Is advertising on Fort Myers radio just a day job for Southwest Florida small business owners?
Thousands of local Florida companies depend on radio advertising to market their goods and services. But most of these business owners choose to buy commercials only between 6:00 am and 7:00 pm. Is this a good idea? Maybe not. Here are the facts.
During the course of last week, for instance, 807,219 adult consumers tuned-in to their favorite Fort Myers radio stations. This is significantly higher than the number that tuned-in to a local TV station, read a local newspaper, or logged on to Spotify and Pandora.
But radio listeners do not roll-up their ears just because the sunsets. According to Nielsen, almost half of SWFL who listen to the radio during daylight hours, also tune in at night.

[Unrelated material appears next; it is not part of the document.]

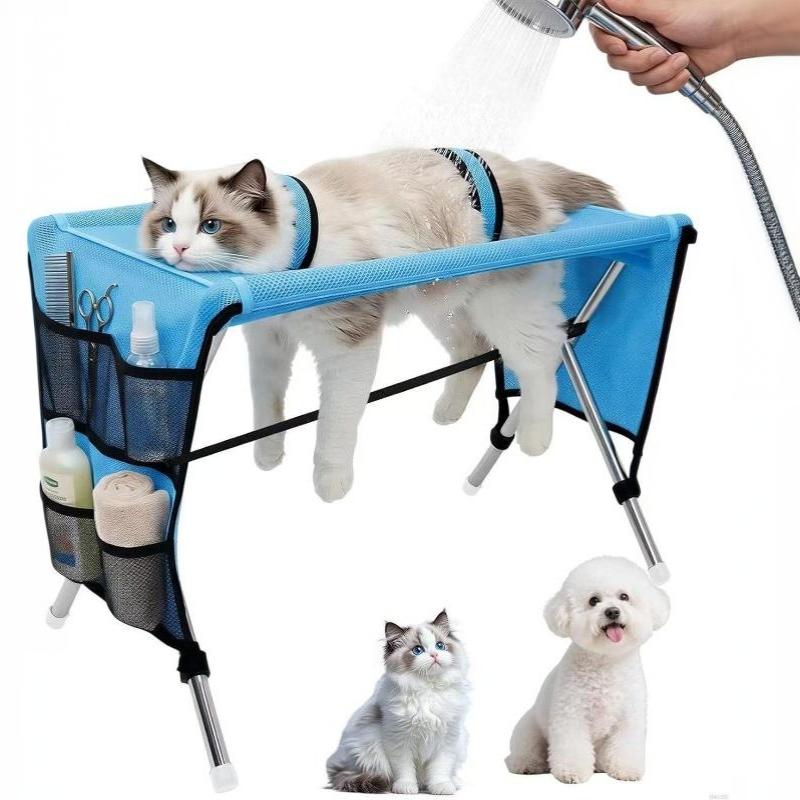Supporto a amaca per toelettatura animali domestici Pieghevole Acciaio Inossidabile Cane Gatto Taglio Unghie Imbracatura per Uso Domestico Toelettatura Animali Domestici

To put this in perspective, more people listen to Fort Myers radio at night than listen to satellite radio, Pandora, and Spotify combined.

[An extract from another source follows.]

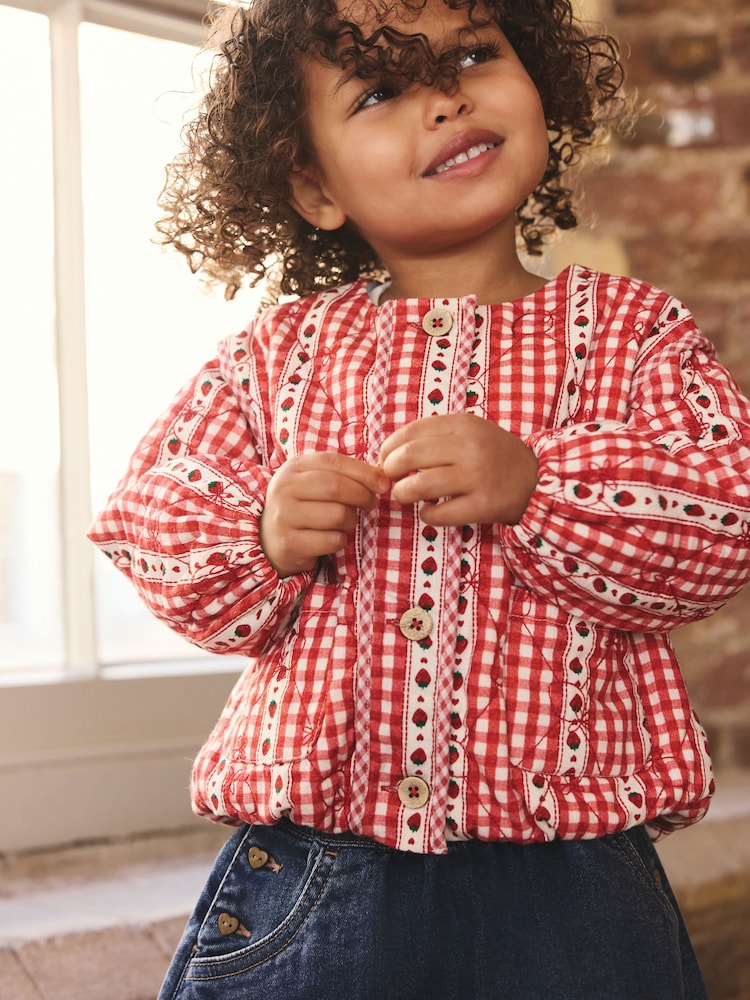 Red Gingham Quilted Jacket (3mths-7yrs)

Unlike the way the moon affects the tide, it has no effect on the quality of who listens to Fort Myers radio stations at night.
In terms of the most sought after socio-economic characteristics that many business owners desire, nighttime radio listeners and daytime listeners are very similar. Of note, the audience after dark consists of a noticeably higher percentage of white-collar workers, blue-collar workers, and people who are employed full-time than the daytime audience.
There is an extraordinary value for Southwest Florida small business owners to advertise on the radio after dark.
The cost of radio advertising, like most goods and services, is driven, in part, by demand. Because most business owners choose to place their commercials during the day, the prices are driven higher, sometimes out of the reach of budget-conscious business owners.
At nighttime, however, the price to advertise is usually much lower, sometime as much as 65% less. That means a business owner can reach 50% of the daytime audience for 65% of the cost.
Investment bankers would call this arbitrage, the making of money by exploiting an imbalance in pricing. We call it good business sense.